All we're sayin, is give pieces of clothing a chance.


----------



## Mack27 (Jul 25, 2006)

I have this idea that feminists aren't very feminine, I don't know why offhand, maybe I've been brainwashed by the media. Personally I'm a humanist. 

Anyway, this brought that old poll involving Princess Di and Fergie to mind. The majority of men found the curvy slightly plump (at the time) Fergie more attractive, while the majority of women polled said Di was more fetching. To me this illustrates the disconnect between what men see as the feminine ideal and what women see. Are women more influenced by the fashion industry's (the driving forces behind which I'd hardly call masculine) vision of beauty than by what men actually find attractive? 

I truly think there's also a disconnect between what men find attractive and what they SAY they think is attractive. Men are conditioned to think thin women attractive by the media, which is influenced by the fashion industry. Preferences for bigger curvier women are outwardly suppressed by fear of ridicule and derision, we all know male egos are the most fragile. Inward preferences for bigger curvier women don't go away though, as evidenced by the popularity of BBW web pornography which is conveniently safely anonymous.

Its really a sad thing for both men and women. Men who prefer big women live lies their whole lives and never act on their preference. Big women have to suffer a society calling them unattractive and men not brave enough to admit they think big women are beautiful. 

If enough people would just say "Society be damned!" and be who they are, we could change the world.


----------



## Jes (Jul 25, 2006)

fatlane said:


> Well, I think a little resistance from women to the fashion industry _diktat_ would be important.
> 
> How about a "Million-pound march" in which the BBW activists tromp down Madison Avenue and on into the garment district, where they all try on size 4 dresses, ripping them to shreds in the process and...
> 
> ...


Like that scene from....Female Trouble? (was that what it was? "Look at this one, Francine, it's ra-sha-sha!")

I want to point out that I don't like that I seem to be hearing 'feminist' and 'woman' equated. We all know men can be feminists too. And I'll clobber you if you don't agree.


----------



## mossystate (Jul 25, 2006)

Mack27 said:


> I have this idea that feminists aren't very feminine, I don't know why offhand, maybe I've been brainwashed by the media. Personally I'm a humanist.
> 
> Funny thing...most if not all true humanist I know?...they do not really put much stock in the whole official 'feminine/masculine' stuff..tends to be a VERY narrow view of things....
> 
> and..Jes....yup...that is why I told jack to get out there and raise his puny lil Halloweentown voice.......heh


----------



## RedVelvet (Jul 25, 2006)

Mack27 said:


> I have this idea that feminists aren't very feminine, I don't know why offhand, maybe I've been brainwashed by the media. Personally I'm a humanist.

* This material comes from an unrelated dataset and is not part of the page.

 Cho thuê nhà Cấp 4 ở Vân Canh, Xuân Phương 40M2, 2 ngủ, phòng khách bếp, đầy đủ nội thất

I am a feminist.....and about as girly a girl as you can imagine!


I loved the rest of your post....that bit above just surprized me as being rather ....well....you need to pick up an issue of Bust Magazine, or something.....and catch up to the times!


----------



## RedVelvet (Jul 25, 2006)

Tina said:


> Who is in charge of the fashion industry, Jack?





Gay men, sweetie.......gay men.


----------



## FreeThinker (Jul 26, 2006)

fatlane said:


> How about a "Million-pound march" in which the BBW activists tromp down Madison Avenue and on into the garment district, where they all try on size 4 dresses, ripping them to shreds in the process and...



Post pics plz tanx



fatlane said:


> All we're sayin, is give pieces of clothing a chance.



Nice one, fatlennon.


----------



## Sandie_Zitkus (Jul 26, 2006)

Jack you are forgetting one very important thing. Most women in positions of power in this country are also trying to be acceptable to the male faction by being skinny enough and pretty enough. At this point it's a losing batter to even think women in power would take on the "Fat issue". It aint gonna happen any time soon. 

The great *joke* of this whole issue is that Male society has tricked women into believing that they want to look good for men - when in fact most women want to look good to other women and it's other women at this point that keep the *society of thinness* going.




Jack Skellington said:


> And you take valium Mossy. That crap doesn't work on me.
> 
> If feminists as well female celebs and women of status and power took this issue seriously we'd see protests at fashion shows, boycotts of fashion magazines, movies and TV programs that perpetuate this horrifically unhealthy body image for women. Women are not powerless and they are not without a voice.
> 
> ...


----------



## swamptoad (Jul 26, 2006)

Jack Skellington said:


> Fit, trim, healthy or athletic that is not.
> 
> The poor thing is just emaciated. It scares to me to think how much thinner the media and fashion industry is going to push. There is only so much punishment the human body can take.
> 
> Was is this accepted? Where are the doctors, nutritionists, feminists, etc? Why does no one speak out?



Emaciated, indeed.


----------



## swamptoad (Jul 26, 2006)

fatlane said:


> Well, I think a little resistance from women to the fashion industry _diktat_ would be important.
> 
> How about a "Million-pound march" in which the BBW activists tromp down Madison Avenue and on into the garment district, where they all try on size 4 dresses, ripping them to shreds in the process and...
> 
> ...




Well said!
*LOL*


----------



## swamptoad (Jul 26, 2006)

Tina said:


> Missa, there are various divisions in feminism, true. It's very easy to have pre-conceived notions about it, but what I've found from communicating with hundreds, and posting with thousands, of feminists from all over the world is that we all want pretty much the same thing, but just believe in going about it differently. One group believes in working with the structure we have now and changing things from within; another believes in a total change from without; but I know of so few feminists that I can count on one hand, the number that want for women to be above men. Most just want more options, equal pay, the same rights in society -- and not just the legally enforceable ones, but also to not be seen as being less than, not as intelligent as, etc. These mindsets are often expressed in tacit ways, but also overtly, in bigoted ways, too.
> 
> I'm not so sure I believe in "roles" for each gender, per se, but I do think that there are some gender norms that apply because in most cases they do bear out as true. Yet, because they don't in all cases, I think room needs to be made for differences, too.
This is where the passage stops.